Despite this, Total and Chevron - which inherited UNOCAL's liabilities in the merger - deny responsibility for the negative impacts of the project, including human-rights abuses. They have even made claims that rights abuses have been eradicated in the project area, statements that ERI and other human-rights groups contest.

The Yadana field is the military regime's single-largest revenue earner. ERI estimates the field earned $1.7 billion in 2008, of which an estimated $1.02 billion went directly to the regime. The group believes that from 2000, when gas sales began, through 2008, the junta earned a total of $7.58 billion in revenues.

Fast cash flows
Another field in the Andaman Sea, the Yetagun, is run by Malaysia's Petronas, Thai Nippon Steel, PTTEP and MOGE. Petronas took over the stake of a British energy company that pulled out of the project under pressure in 2002 and is now its largest shareholder. A natural gas pipeline from the field joins with the Yadana pipeline at the Thai border. According to ERI's research, the amount of revenue earned from the Yetagun project is only slightly less than that generated by the Yadana project.

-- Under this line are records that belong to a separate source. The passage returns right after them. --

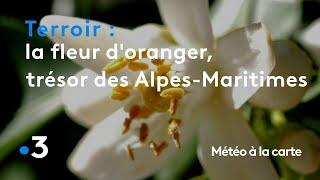 La fleur doranger le trésor des Alpes-Maritimes - Météo à la carte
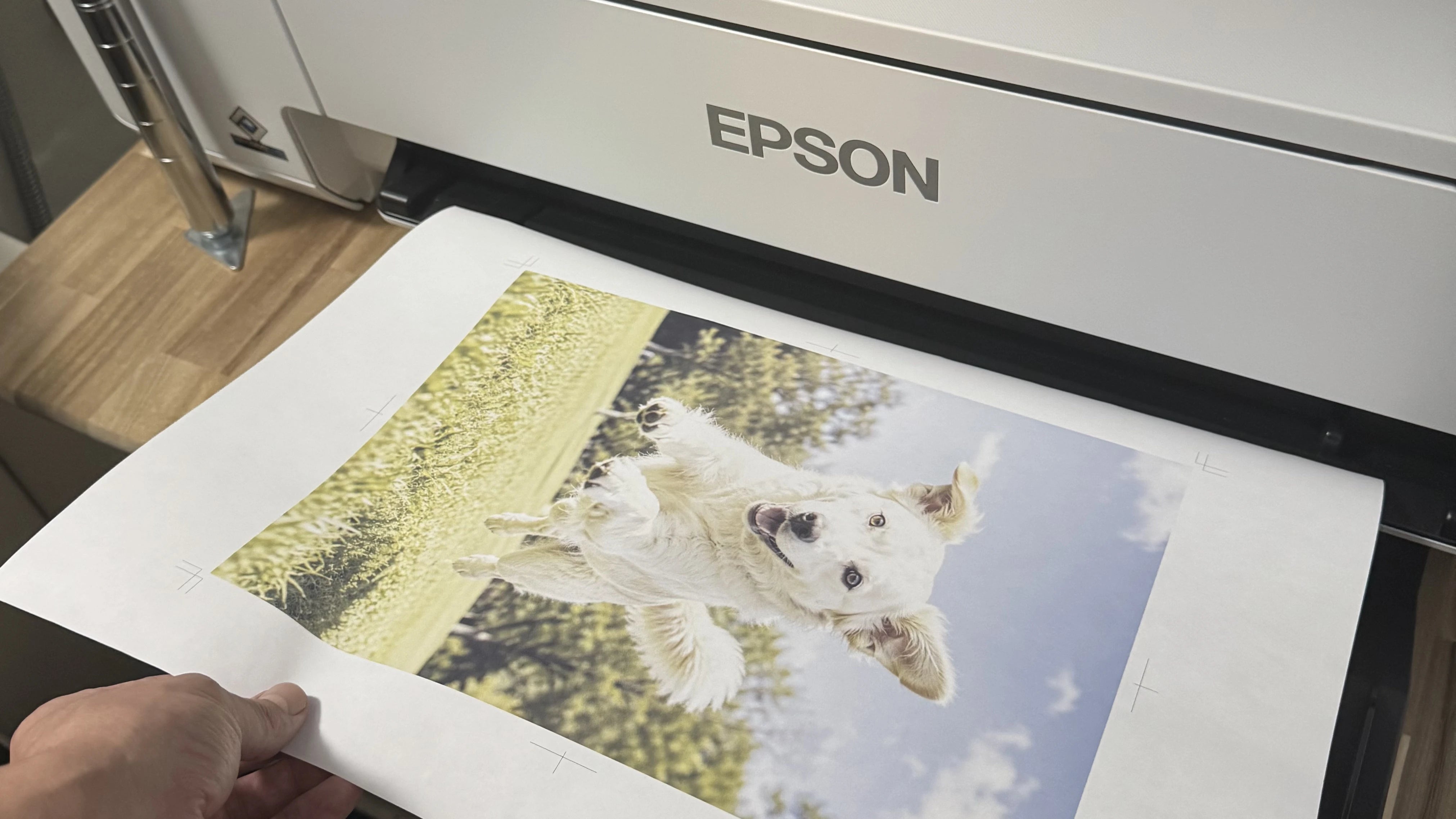 専用転写紙へペット写真を印刷する工程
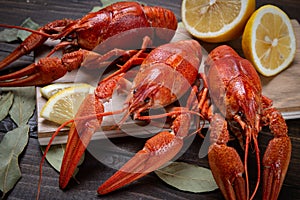 Crayfish. Red boiled crawfishes on table in rustic style, closeup. Lobster closeup.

Another much more ambitious oil and gas pipeline project in western Myanmar is projected to at least double these annual earnings. The Shwe Gas project encompasses natural gas extraction from a field off the coast of Arakan Division and a 2,806-kilometer pipeline that will run the length of Myanmar to Kunming in southwestern China and onto Nanning, the capital of Guangxi province.

The consortium involves Daewoo International and Korean Gas of South Korea, Oil and Gas Corporation (ONCG-Videsh) and Gas Authority of India Ltd (GAIL) and MOGE. Hyundai Heavy Industries of South Korea was contracted by Daewoo in February to construct related offshore and onshore gas production facilities.
China's state-run China National Petroleum Corporation (CNPC) secured its place as the sole buyer of the Shwe natural gas reserves in 2008. In June 2009, Chinese Vice President Xi Jinping and Myanmar deputy leader Vice Senior General Maung Aye signed a memorandum of understanding for the development, operation and management of the pipeline, which will have a capacity to transport 12 billion cubic meters of natural gas annually.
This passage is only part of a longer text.